** What the exercise asks **
Each line that contains the word "Women" is to be copied from the records below.

======== Exercise inputs ========

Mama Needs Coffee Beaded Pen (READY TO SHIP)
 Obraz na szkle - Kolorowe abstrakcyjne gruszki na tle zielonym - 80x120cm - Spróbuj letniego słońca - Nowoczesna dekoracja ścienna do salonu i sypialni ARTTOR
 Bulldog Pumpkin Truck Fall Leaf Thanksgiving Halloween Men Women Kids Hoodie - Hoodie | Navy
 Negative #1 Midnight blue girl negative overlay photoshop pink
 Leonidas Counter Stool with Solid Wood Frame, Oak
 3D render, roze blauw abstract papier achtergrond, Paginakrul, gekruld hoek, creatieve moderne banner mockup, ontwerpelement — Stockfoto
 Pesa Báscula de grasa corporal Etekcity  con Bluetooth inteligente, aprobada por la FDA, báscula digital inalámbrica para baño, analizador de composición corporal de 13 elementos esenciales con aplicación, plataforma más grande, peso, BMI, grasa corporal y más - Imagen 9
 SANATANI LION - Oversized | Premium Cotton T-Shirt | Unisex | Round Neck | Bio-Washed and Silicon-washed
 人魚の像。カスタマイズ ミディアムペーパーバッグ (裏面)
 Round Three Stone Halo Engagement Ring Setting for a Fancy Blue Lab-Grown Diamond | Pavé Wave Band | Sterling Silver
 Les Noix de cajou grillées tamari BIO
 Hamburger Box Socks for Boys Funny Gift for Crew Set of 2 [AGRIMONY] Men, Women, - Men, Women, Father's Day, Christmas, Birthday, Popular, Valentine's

========

** Result **
 Bulldog Pumpkin Truck Fall Leaf Thanksgiving Halloween Men Women Kids Hoodie - Hoodie | Navy
 Hamburger Box Socks for Boys Funny Gift for Crew Set of 2 [AGRIMONY] Men, Women, - Men, Women, Father's Day, Christmas, Birthday, Popular, Valentine's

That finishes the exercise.